Day 5 - Determining a Date (Part 1)

 20 And God said, “Let the water teem with living creatures, and let birds fly above the earth across the expanse of the sky.” 21 So God created the great creatures of the sea and every living and moving thing with which the water teems, according to their kinds, and every winged bird according to its kind. And God saw that it was good. 22 God blessed them and said, “Be fruitful and increase in number and fill the water in the seas, and let the birds increase on the earth.” 23 And there was evening, and there was morning—the fifth day. — Genesis 1:20-23

Day 5 was not straightforward to date.  As described in A Geo-Creationist View of Genesis 1, the first 4 days occurred during the following time periods:

Day 1 - Ended 3.9 billion years ago, when meteor strikes ceased, allowing an atmosphere to form.  There was torrential rain.
Day 2 - Less than 3.9 billion years ago, when torrential rains ended, leaving an ocean-covered earth, and clouds.
Day 3 - 3.8 to 3.85 billion years ago, when plate tectonics created land, and plant-life transitioned from sea to land.  During this time, there was an atmospheric haze forming. CO2 was a primary component.
Day 4 - 2.3 to 1.9 billion years ago, when there were enough plants to start clearing up the haze, allowing the sun, moon, and stars to be seen clearly from the earth.

Until this point, the natural sequence of earth’s development nicely maps to the Genesis 1 account.  You would think then that Day 5 would easily follow suite, but it does not.  You would think that just as Day 3 removed the hindrances to the first appearance of plants, that Day 5 would remove the hindrances to the first appearance of animals.  To be specific, it would remove the hindrance to sea life and birds.  But frankly, those hindrances were removed when plant life first appeared, providing the beginnings of an oceanic ecosystem before Day 3 was over.

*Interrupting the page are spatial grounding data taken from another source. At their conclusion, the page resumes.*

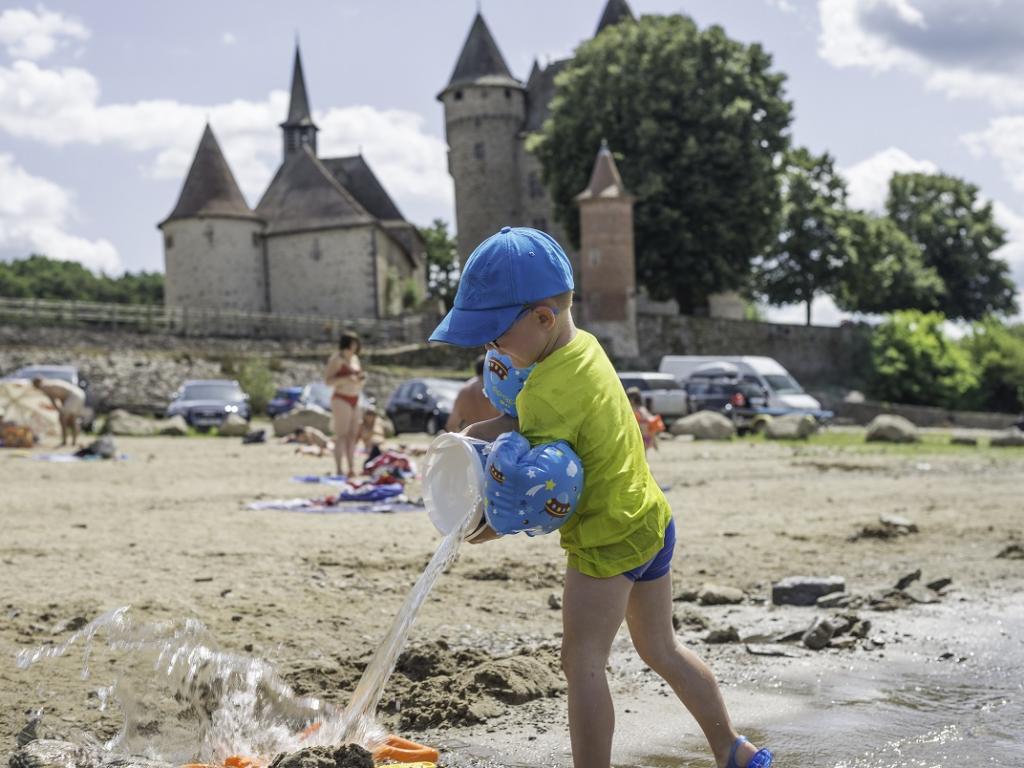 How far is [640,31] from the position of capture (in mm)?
51938

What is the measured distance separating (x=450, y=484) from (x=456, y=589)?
353 cm

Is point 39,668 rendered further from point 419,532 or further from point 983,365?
point 983,365

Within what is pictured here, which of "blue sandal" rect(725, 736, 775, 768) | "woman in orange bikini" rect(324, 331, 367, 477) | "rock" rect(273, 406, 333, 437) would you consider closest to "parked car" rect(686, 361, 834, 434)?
"rock" rect(273, 406, 333, 437)

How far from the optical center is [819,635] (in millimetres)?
5641

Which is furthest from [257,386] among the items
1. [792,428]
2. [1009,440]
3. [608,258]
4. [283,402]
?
[1009,440]

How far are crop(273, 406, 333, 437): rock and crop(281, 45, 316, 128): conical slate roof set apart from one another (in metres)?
55.2

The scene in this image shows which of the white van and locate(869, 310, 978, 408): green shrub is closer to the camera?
the white van

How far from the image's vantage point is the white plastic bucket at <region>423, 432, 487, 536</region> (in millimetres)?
3449

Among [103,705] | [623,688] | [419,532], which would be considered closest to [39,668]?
[103,705]

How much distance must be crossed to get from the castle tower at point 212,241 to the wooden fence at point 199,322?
8.84 metres

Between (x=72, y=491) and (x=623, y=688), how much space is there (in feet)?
31.2

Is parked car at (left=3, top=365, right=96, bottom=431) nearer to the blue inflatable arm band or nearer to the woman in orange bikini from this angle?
the woman in orange bikini

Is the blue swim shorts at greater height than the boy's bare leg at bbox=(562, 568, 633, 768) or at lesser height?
greater

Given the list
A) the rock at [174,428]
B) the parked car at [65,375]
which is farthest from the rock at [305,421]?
the parked car at [65,375]
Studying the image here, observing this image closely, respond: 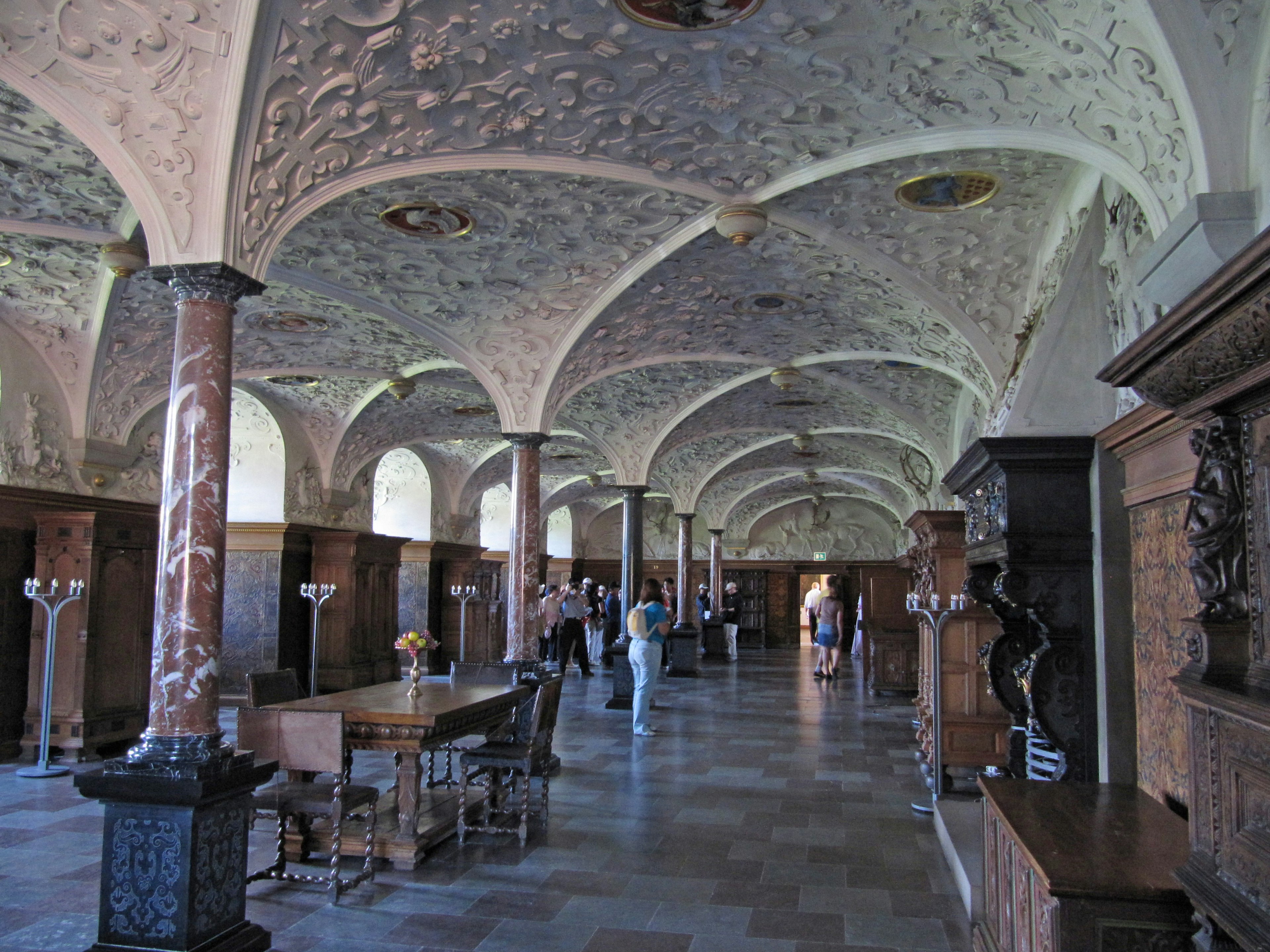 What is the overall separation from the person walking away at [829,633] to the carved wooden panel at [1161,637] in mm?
11026

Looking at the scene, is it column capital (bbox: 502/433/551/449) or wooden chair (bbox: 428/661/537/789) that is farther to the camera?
column capital (bbox: 502/433/551/449)

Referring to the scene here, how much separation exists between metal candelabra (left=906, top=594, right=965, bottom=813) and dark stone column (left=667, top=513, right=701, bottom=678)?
369 inches

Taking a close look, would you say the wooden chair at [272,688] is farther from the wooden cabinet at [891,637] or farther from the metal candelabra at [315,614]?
the wooden cabinet at [891,637]

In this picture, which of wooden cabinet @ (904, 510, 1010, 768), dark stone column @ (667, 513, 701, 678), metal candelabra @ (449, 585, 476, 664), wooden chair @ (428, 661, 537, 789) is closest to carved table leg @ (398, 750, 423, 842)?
wooden chair @ (428, 661, 537, 789)

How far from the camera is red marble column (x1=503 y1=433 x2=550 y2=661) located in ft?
28.5

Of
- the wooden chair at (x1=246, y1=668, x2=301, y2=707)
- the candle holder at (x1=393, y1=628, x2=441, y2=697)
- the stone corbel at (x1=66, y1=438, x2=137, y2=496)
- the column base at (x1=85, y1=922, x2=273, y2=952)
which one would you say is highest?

So let us take another approach.  Looking closer to the end of Day 4, we see another milestone for sea life and birds… the appearance of multi-celled oxygen-consuming life.  So, might Day 5 date to around that time?  Well, if it does then Day 6 dates to then, too.  This implies an overlap between Days 5 and 6, which contradicts the scripture. 

Let us try again, but this time looking further ahead, to the actual appearance of fish and birds.  Hmmmm.  It likes we do no better… Days 5 and 6 still overlap.  In fact, combining The Evolution of Mammals and a PBS article entitled Birds Arrived Comparatively Late (hint, hint), the overlap looks something like this:

  • 510 million years ago –> fish
  • 400 million years ago –> insects
  • 285 million years ago –> mammal-like reptiles
  • 245 million years ago –> most life wiped out… dinosaurs began
  • 225 million years ago –> mammals
  • 150 million years ago –> birds

Now, one attempt at dealing with this is to include insects as part of Day 5.  This approach doesn’t work however, because birds did not evolve from insects.  Therefore, Day 5 would still have to extend long enough to include the appearance of birds.  This would be acceptable to many Day-Age Theorists (including Progressive Creationists), but it just is not scriptural.  Genesis 1 is pretty clear that Days 5 and 6 do not overlap.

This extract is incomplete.